Similar questions can be asked regarding the 1970s. The social setting was, of course, quite different from the 1930s. Feminism was emerging, new methods of contraception had become available, and the national legalization of abortion took place in 1973. For many of these reasons, the late 1960s and 1970s represented a departure from the “baby boom” that had just preceded it when a large proportion of births were unplanned.2 But would the TFR dropped as low as 1.7 without the added impetus of inflation, not to mention long lines at the gas station? While that question can never be definitively answered, we do know that the economic setting hardly seems conducive to starting families or having additional children. Double-digit inflation during the 1970s made two-earner, two-career families a virtual necessity for many. Unemployment passed 8 percent in 1975 while the cost of housing climbed.
What about today? Can a decline in the birth rate be anticipated? In part, an answer depends on just when the current economic crisis—and the media publicity that goes with it—actually started. The unemployment rate remained under 5 percent throughout 2007 but began to rise in early 2008, about the same time that gasoline prices began their climb to $4 per gallon and higher. Any business and industry that could be seriously affected by energy prices began to suffer, particularly automobile manufacturers, airlines, trucking companies, and many more. By the fall of 2008, the housing bubble (generally defined as a sharp rise in housing prices not in line with household income nor inflation) began to burst as more and more homeowners began to default on mortgages.
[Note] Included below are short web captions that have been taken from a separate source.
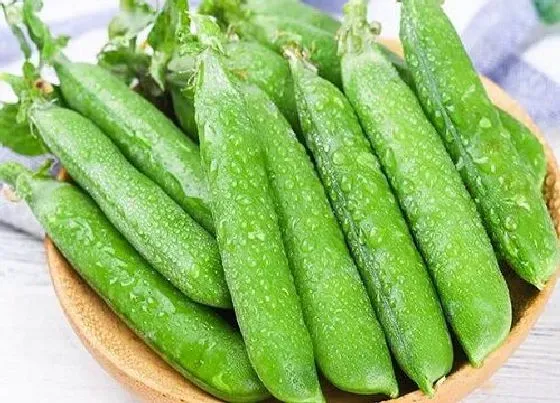 种植管理|荷兰豆几月份种植合适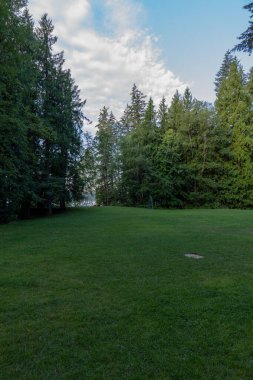 Parlak yaz gününde çayır manzarası ve taze yeşil orman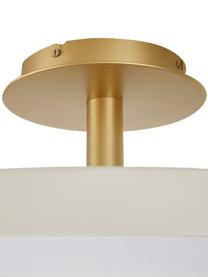 LED plafondlamp Asteria, Lampenkap: aluminium, gelakt, Crèmewit, goudkleurig, Ø 60 x H 21 cm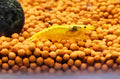 Golden yellow back shrimps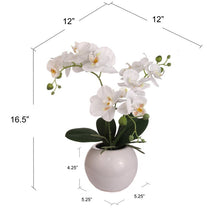 Load image into Gallery viewer, Phalaenopsis Orchid Floral Arrangement in Vase
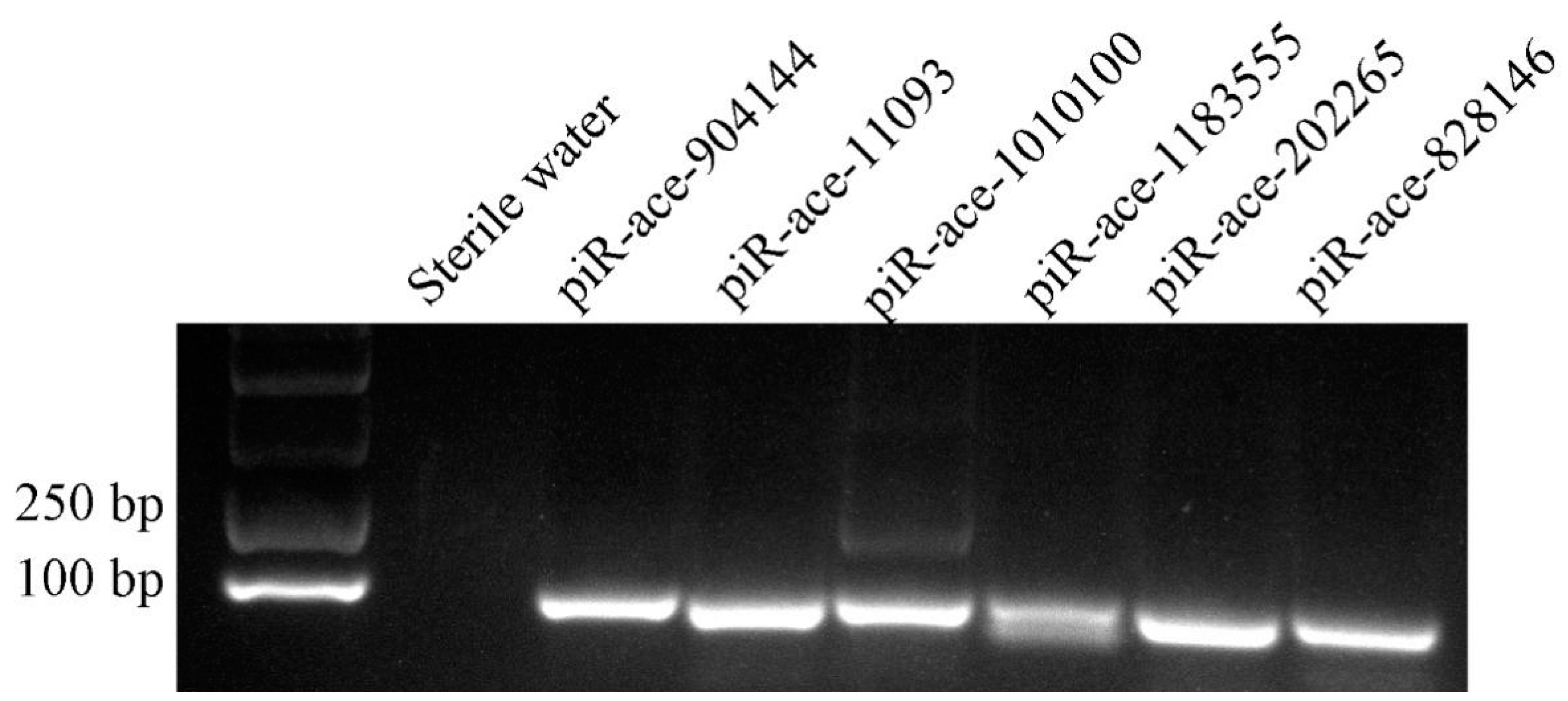 Insects 14 00016 g007 Insects 14 00016 g007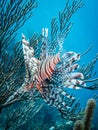 Invasive red lionfish (Pterois volitans) in the Exuma Cays, Bahamas, Atlantic Ocean Royalty Free Stock Photo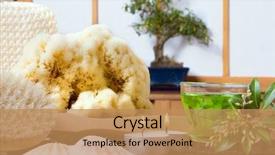  Presentation with japanese green tea - Colorful theme enhanced with bonsai tree against a traditional backdrop and a coral colored foreground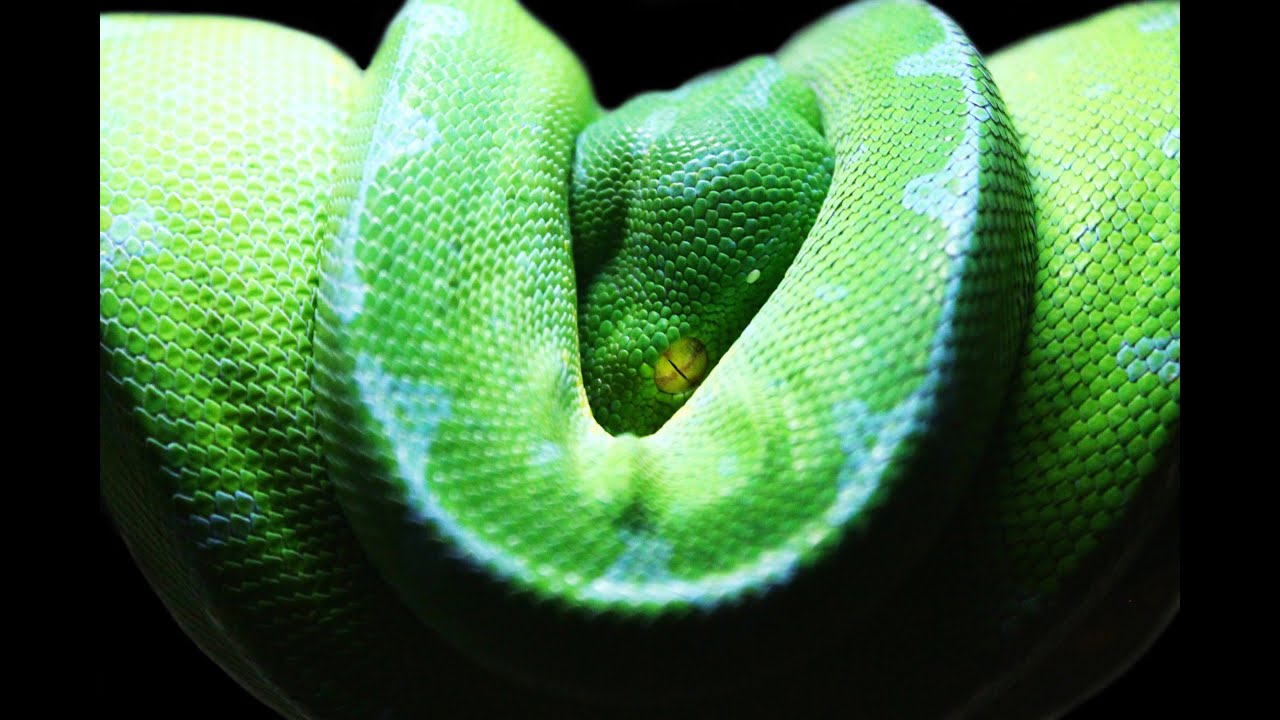 Green Tree Python Feeding (HD) - YouTube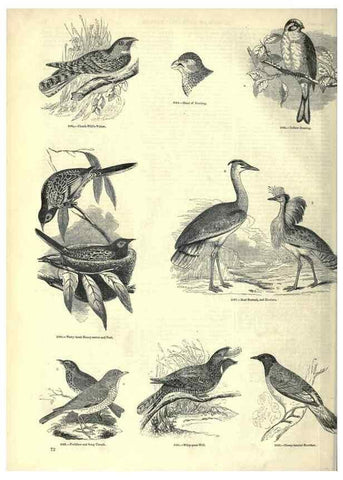 Reproducción/Reproduction 7740002928: The pictorial museum of animated nature .... London :C. Cox,[1844?]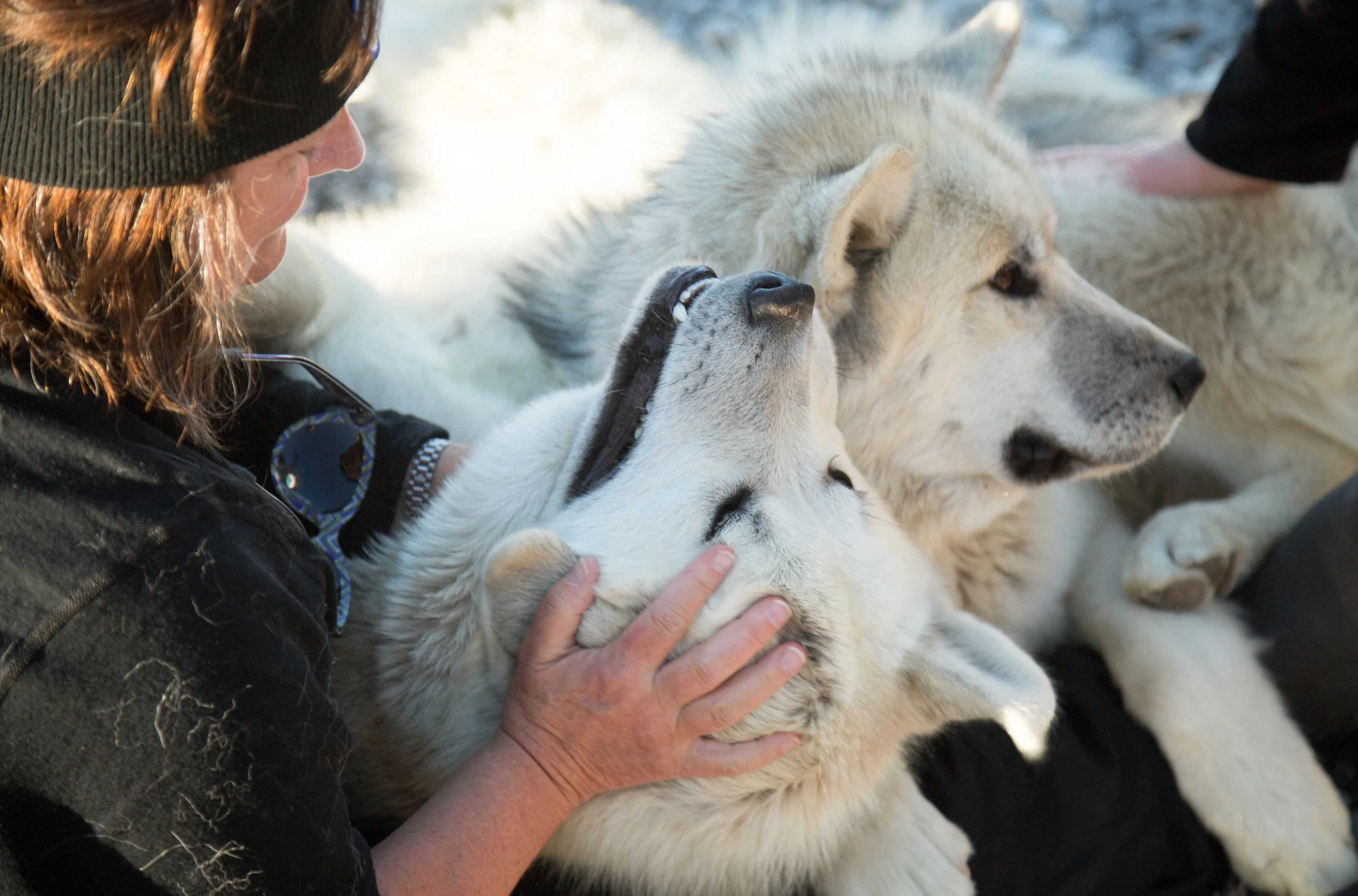 NO- Quark expeditions.eastgreenland_2016_ella_oe_acaciajohnson_1.webp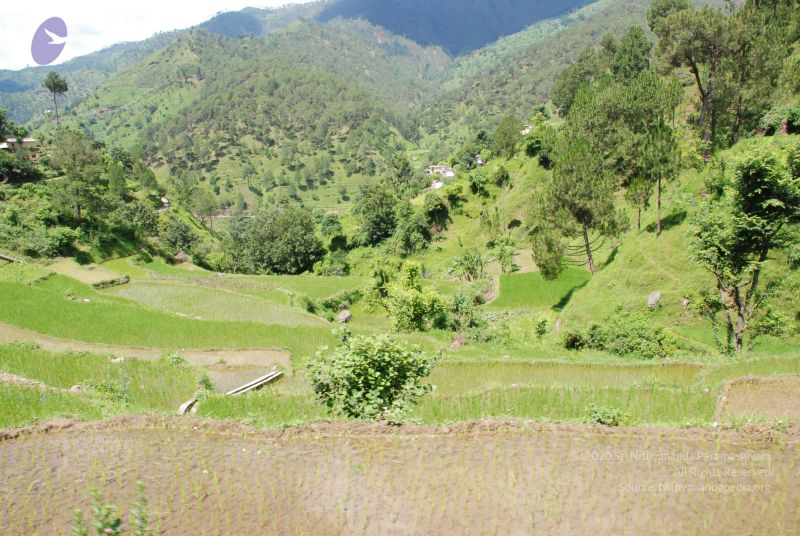 File:20080701 Photo 1916 1wwmo0YdiHP0Gi6oAeov2Cpc5iwRXCrx-.JPG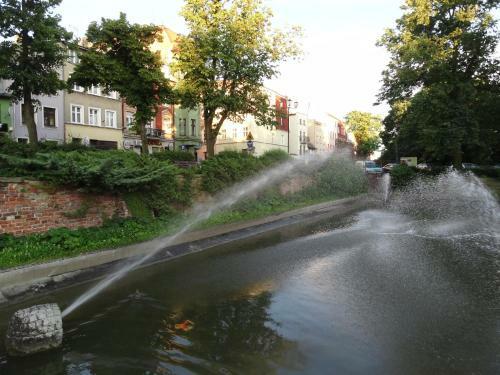 Apartament Kopernika 47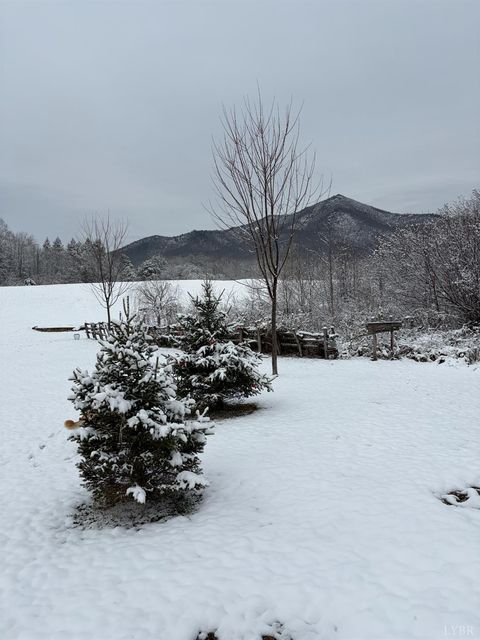 Tiny photo for 7392 Peaks Road, Bedford, VA 24523 (MLS # 364675)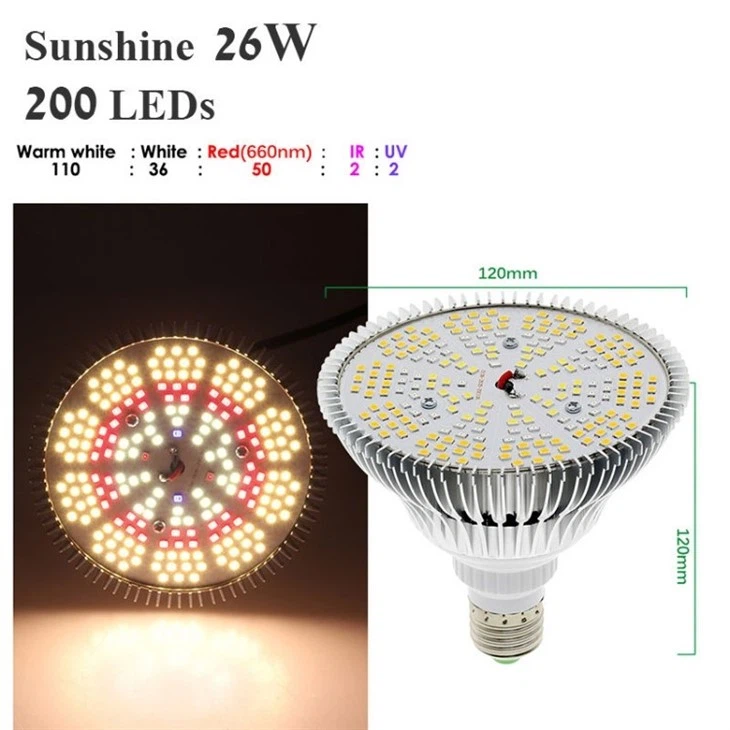 red light bulbs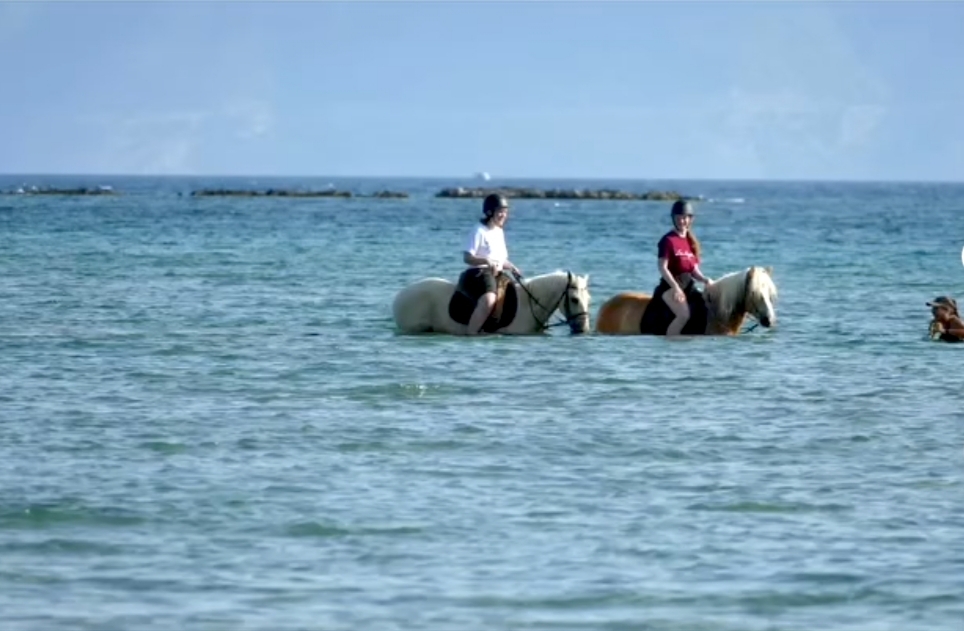 Darko World Horse Riding GR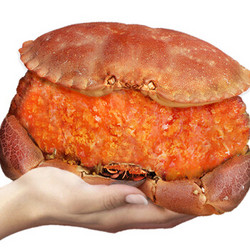 首鲜道 面包蟹 2只（1.6kg-2kg） *2件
U.S. Unemployment Rate, 1970-2009
Source: U.S. Bureau of Labor Statistics.
If the economic crisis can be given a start date of early 2008, then evidence of a slump in the birth rate might become apparent as early as late 2008 but could not be really conclusive until well into 2009. There is, quite naturally, some time lag in the process. The most recent national data on births available are for the 12-month period ending October 2008. Compared with the 12-month period ending October 2007, births declined by a relatively small proportion, by 0.7 percent. That does, however, represent a reversal since the period ending October 2007 when births were 1.5 percent higher than the previous similar period. The pattern of change in birth rates during these periods was similar.
One U.S. state, Arizona, reports vital data with surprising speed. In the first six months of 2009, the number of births declined to 45,008 from 48,403 in the first six months of 2008, a decrease of 7 percent. If the seasonal pattern of births follows precedent, there would be only about 92,000 births in 2009, compared with 99,215 in 2008 and about 102,000 in both 2006 and 2007. By way of background, the state’s unemployment rate rose from 5.5 percent in June 2008 to 8.7 percent in June 2009 and employment fell by nearly 200,000, a drop of 7.4 percent in just 12 months. It may be that many couples saw it coming.
It is certainly too soon to tell if this economic crisis will result in a sharp drop in the birth rate. But all the measures and indicators, along with the collapse of mainstays of the economy, are much worse than in the 1970s.
- Here, the “birth rate” is measured in terms of the total fertility rate, or TFR. The TFR represents the average number of children a woman would have during her lifetime if the rate of childbearing of a particular year remained unchanged. The TFR is also not affected by the age structure of the female population of childbearing age.
- Leon F. Bouvier, “America’s Baby Boom Generation: The Fateful Bulge,” Population Bulletin 35, no. 1 (1980).